Lines before the one containing "Lampa stojąca LED" are left out; that line and all after it, through the end of the records, must be transcribed exactly.
** Opening EXERCISE INPUT block **
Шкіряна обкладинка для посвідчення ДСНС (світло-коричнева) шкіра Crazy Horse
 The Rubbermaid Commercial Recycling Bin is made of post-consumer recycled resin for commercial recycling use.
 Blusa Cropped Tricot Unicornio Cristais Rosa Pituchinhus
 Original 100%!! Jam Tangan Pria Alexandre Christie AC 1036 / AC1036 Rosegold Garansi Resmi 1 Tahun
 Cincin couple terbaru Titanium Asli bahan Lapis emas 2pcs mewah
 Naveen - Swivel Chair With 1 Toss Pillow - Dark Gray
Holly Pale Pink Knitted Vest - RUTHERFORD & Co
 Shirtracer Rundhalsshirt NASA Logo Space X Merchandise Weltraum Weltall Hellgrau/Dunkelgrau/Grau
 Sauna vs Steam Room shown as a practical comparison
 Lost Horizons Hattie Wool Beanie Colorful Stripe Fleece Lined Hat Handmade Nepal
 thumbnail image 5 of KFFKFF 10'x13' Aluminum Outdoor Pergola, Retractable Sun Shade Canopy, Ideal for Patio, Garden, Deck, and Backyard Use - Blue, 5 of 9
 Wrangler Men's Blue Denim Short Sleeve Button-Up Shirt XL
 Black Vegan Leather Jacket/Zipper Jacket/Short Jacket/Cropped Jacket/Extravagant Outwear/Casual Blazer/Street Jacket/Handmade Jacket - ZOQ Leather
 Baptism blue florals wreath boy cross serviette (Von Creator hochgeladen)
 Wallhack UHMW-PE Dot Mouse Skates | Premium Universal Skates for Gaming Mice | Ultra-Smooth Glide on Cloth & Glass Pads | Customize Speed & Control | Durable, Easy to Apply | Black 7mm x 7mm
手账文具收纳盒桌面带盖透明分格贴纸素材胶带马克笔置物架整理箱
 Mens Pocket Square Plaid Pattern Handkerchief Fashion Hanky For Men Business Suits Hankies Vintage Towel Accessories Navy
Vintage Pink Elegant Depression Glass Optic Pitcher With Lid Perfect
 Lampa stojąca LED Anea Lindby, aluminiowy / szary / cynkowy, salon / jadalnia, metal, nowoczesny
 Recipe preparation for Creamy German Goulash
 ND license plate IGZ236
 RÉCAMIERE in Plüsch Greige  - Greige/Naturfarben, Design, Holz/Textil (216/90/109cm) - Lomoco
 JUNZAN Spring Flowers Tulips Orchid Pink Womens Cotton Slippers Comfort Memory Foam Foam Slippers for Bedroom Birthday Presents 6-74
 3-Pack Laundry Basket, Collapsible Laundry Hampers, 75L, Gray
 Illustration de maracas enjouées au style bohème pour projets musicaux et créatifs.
** Closing EXERCISE INPUT block **
- **RESULT**
 Lampa stojąca LED Anea Lindby, aluminiowy / szary / cynkowy, salon / jadalnia, metal, nowoczesny
 Recipe preparation for Creamy German Goulash
 ND license plate IGZ236
 RÉCAMIERE in Plüsch Greige  - Greige/Naturfarben, Design, Holz/Textil (216/90/109cm) - Lomoco
 JUNZAN Spring Flowers Tulips Orchid Pink Womens Cotton Slippers Comfort Memory Foam Foam Slippers for Bedroom Birthday Presents 6-74
 3-Pack Laundry Basket, Collapsible Laundry Hampers, 75L, Gray
 Illustration de maracas enjouées au style bohème pour projets musicaux et créatifs.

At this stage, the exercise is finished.